RBS, which had £100bn ($167bn, €123bn) in mortgage loans on its books at the end of May, said it would affect around 2.6% of its lending in London and just 0.5% outside of the English capital.

It follows a similar move by Lloyds Banking Group, which is also part-owned by taxpayers after a financial crisis bailout.

House prices in London are rocketing. The Office for National Statistics (ONS) said the average price of a London home hit £459,000 in the year to March 2014, a 17% increase. That compares to an 8% rise for the whole of the UK to an average property price of £252,000.

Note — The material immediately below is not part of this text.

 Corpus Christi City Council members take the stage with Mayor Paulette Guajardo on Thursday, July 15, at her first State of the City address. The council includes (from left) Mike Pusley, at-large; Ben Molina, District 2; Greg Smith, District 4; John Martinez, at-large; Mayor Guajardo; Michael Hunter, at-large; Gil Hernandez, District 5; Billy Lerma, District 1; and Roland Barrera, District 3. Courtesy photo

As a result of London's sharp increase in house prices, borrowers are taking on substantially larger mortgages to buy homes in the city.

There are concerns that some people are stretching themselves financially by taking on bigger mortgages.

While this is not a problem because interest rates are currently cheap, when the Bank of England hikes its base rate from the record-low 0.5%, mortgage repayment costs will rise – with the potential to spark defaults.

At the end of April, the Financial Conduct Authority (FCA) forced mortgage lenders to conduct stricter affordability tests on borrowers to rein in riskier lending.